Splendida in questo senso la scena iniziale del film, con lui seduto in uno spogliatoio ricavato da un aula d'asilo, tra giocattoli, piccole sedie e lavagne, dopo un combattimento si era svolto nella palestra della scuola.
Il film fa conoscere al pubblico europeo il sottobosco di un'attrazione, il wrestling, considerato da molti alla stregua di un circo, e che qui viene invece raccontato come uno sport fatto sì di spettacolo, ma anche di fatica, sudore, sofferenza e dolore.
Con un campionario di umanità varia che si veste con calzamaglie colorate e si nutre di anabolizzanti, che si conosce e si sostiene a vicenda, che concorda mosse e andamento degli incontri, che sul ring ha un ruolo preciso, da buono o cattivo, e che di conseguenza viene amato o detestato dal pubblico per la parte che recita.
Randy è un'istituzione tra wrestler locali. Il suo è sempre l'incontro principale del cartellone, vince regolarmente contro lottatori che interpretano figure negative, è rispettato e benvoluto da chiunque faccia parte di quel giro.
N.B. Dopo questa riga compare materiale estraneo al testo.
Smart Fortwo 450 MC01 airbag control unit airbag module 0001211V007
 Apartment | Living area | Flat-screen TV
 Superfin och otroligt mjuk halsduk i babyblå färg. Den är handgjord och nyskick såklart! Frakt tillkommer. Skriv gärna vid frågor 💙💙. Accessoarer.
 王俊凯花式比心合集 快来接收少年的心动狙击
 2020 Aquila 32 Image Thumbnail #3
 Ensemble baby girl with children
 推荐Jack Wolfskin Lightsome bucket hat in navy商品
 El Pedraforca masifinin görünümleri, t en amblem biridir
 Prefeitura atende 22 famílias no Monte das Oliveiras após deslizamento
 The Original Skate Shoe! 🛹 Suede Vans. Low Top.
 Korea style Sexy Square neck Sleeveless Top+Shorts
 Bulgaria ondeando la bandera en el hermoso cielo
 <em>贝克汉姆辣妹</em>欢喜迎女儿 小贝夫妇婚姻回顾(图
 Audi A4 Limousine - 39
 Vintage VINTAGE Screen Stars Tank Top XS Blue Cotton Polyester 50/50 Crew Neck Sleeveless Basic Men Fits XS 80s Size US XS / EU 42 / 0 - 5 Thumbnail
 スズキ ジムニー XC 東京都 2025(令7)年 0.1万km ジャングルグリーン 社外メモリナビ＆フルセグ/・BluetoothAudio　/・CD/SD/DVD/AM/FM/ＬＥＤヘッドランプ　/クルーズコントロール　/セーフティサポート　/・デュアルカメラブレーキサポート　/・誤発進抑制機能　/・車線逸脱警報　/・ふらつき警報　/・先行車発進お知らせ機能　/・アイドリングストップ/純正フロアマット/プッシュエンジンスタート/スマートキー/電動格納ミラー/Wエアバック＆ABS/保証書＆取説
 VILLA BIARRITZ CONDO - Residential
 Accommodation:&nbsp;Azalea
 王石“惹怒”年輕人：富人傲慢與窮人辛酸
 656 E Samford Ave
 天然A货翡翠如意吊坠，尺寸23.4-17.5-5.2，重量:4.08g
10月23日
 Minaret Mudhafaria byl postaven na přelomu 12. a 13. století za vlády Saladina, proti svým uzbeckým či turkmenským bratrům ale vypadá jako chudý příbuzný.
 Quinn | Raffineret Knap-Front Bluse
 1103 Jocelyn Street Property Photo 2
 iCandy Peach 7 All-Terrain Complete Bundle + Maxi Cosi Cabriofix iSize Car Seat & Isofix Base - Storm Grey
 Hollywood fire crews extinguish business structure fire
Dal punto di vista personale però è alla deriva. Solo, sempre al verde, quando riesce a pagare l'affitto vive in una casa mobile, altrimenti passa le notti nel suo mini-van, non ha amici veri, non ha futuro. Tira a campare con le gare di wrestling amatoriali, attraverso gli incontri organizzati coi fans e con un lavoro precario da magazziniere.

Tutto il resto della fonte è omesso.